§ EXERCISE OBJECTIVE
Give back every line of the material below exactly, but no images.

§ SOURCE DATA
_ _ _ _ _

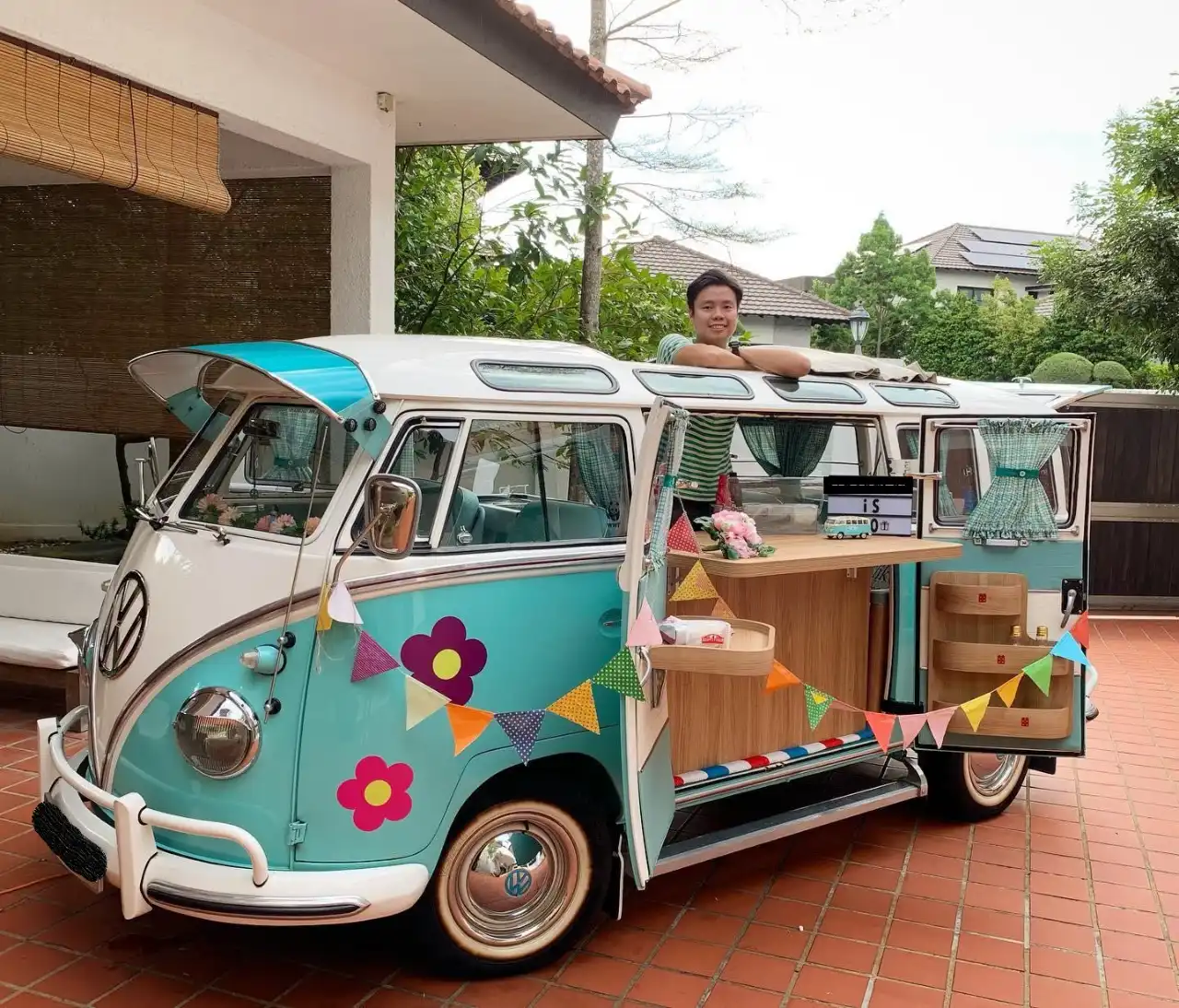 Tiffany-blue vintage VW Kombi styled as a wedding car at a Singapore venue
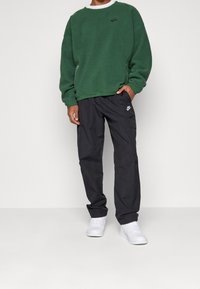 Zelená fleecová mikina s černým logem, ve spojení s černými cargo kalhotami s kapsami. Bílé tenisky doplňují celý outfit.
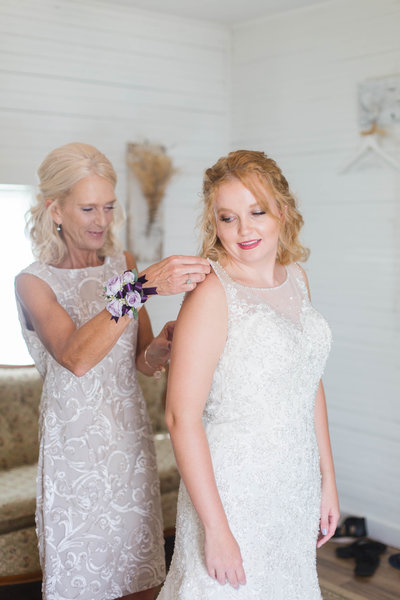 Mom helping bride into wedding dress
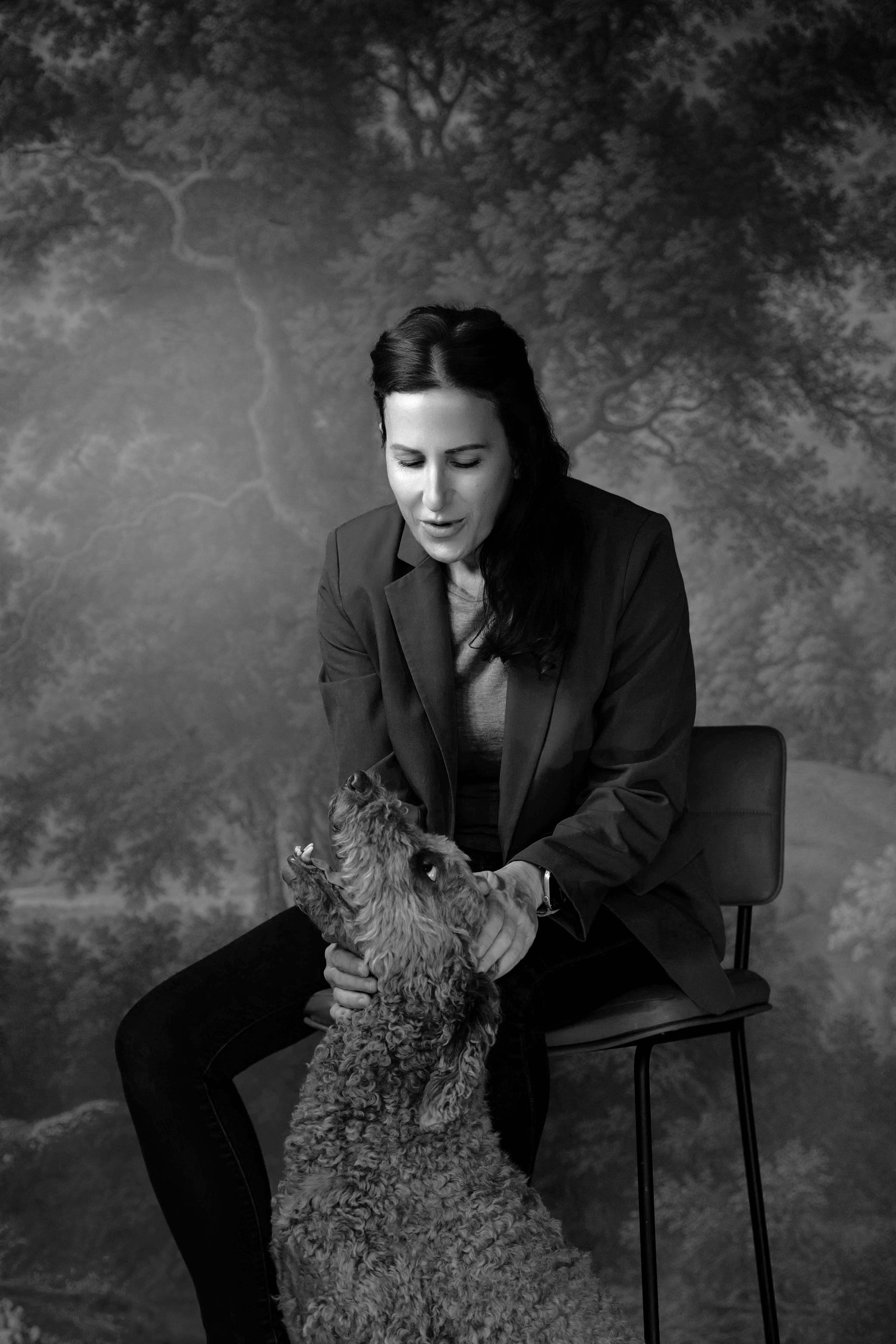 Seated person in a dark suit holding a patterned scarf against a textured studio backdrop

_ _ _ _ _

§ RESPONSE BELOW
 Tiffany-blue vintage VW Kombi styled as a wedding car at a Singapore venue
 Zelená fleecová mikina s černým logem, ve spojení s černými cargo kalhotami s kapsami. Bílé tenisky doplňují celý outfit.
 Mom helping bride into wedding dress
 Seated person in a dark suit holding a patterned scarf against a textured studio backdrop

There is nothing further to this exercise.